2009-08-28 Thread Les Mikesell
Rudi Ahlers wrote:
> 
> The thing is, how will these kind of option perform in a hosting
> environment where downtime isn't at all an option. We have backup
> generators, UPS, load balanced networks, etc Even the Tyan /
> SuperMicro machines that I'm looking at will have redundant power
> supplies & hard drives.
> 
> But the one piece of of the puzzle that I don't understand, will a
> self-build-Linux NAS device, or even Openfiler / FreeNAS give us that
> kind of uptime.

High quality servers running an enterprise linux version can give you 
the same uptime as dedicated hardware if you are comfortable with not 
doing updates.  For example I still have a RH 7.3 based box running that 
has only been down a few minutes in about 7 years (had to move it) but I 
wouldn't try that with anything exposed to the internet.  I did replace 
several drives and rebuild the raids over that time - and it is probably 
about to die of old age soon.

> The other thing which I would like to also get to, is that we could do
> more with a Linux based distro than with a off-the-shelf NAS. For
> example I could setup storage space for users and build custom
> applications that could manage it all - for example give a hosting
> client a reseller account with 1TB space and he could resell that to
> his clients.
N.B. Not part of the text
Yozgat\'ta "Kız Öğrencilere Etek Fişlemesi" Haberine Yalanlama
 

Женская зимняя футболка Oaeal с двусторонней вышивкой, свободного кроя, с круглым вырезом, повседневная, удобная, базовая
And I could go as far as setting up SMB / NFS / iSCSI /
> rsyn / SSH / FTP / sFTP / podcast / HTTP / etc,  i.e. other protocols
> which a NAS may not necessarily support. And I could even use it as a
> dedicated web farm if I feel like it, running HTTP & MySQL as well if
> the server has enough RAM & CPU.
> 
> Ideally I would like have a highly-redundant storage device which can
> be used by numerous users, and also host Virtual Machines on it. So IO
> will be the biggest concern, in terms of speed, with reliability the
> 2nd biggest concern.
> 
> I'll run RAID 10 (1+0) for speed & reliability, and use 1TB / 1.5TB
> RAID edition server grade SATAII hard drives with hardware RAID -
> although I also think software RAID on a decent CPU could perform
> better. But the hardware RAID cards have battery backup which gives
> better reliability. Then I would like to build 2 devices, each syncing
> with the other one.

The 2 device failover is the tricky part and it introduces some new ways 
to fail.  I've always preferred to keep things simple with mirrored 
disks in a hot-swap chassis so the likely failure (single disk) doesn't 
slow down operation and can be replaced at a convenient time.  The less 
likely motherboard or power supply failure will cause some down time 
while you swap the disks into a spare chassis, though.  And you still 
need off-site backups to cover other types of problems.

> The other question is, how well will my own Linux / UNIX based NAS
> perform? Surely these companies who build their own NAS devices spend
> a lot of time fine-tuning the OS to deliver the best performance, and
> probably spend a lot of time researching and testing different
> hardware devices and configurations to see what works best?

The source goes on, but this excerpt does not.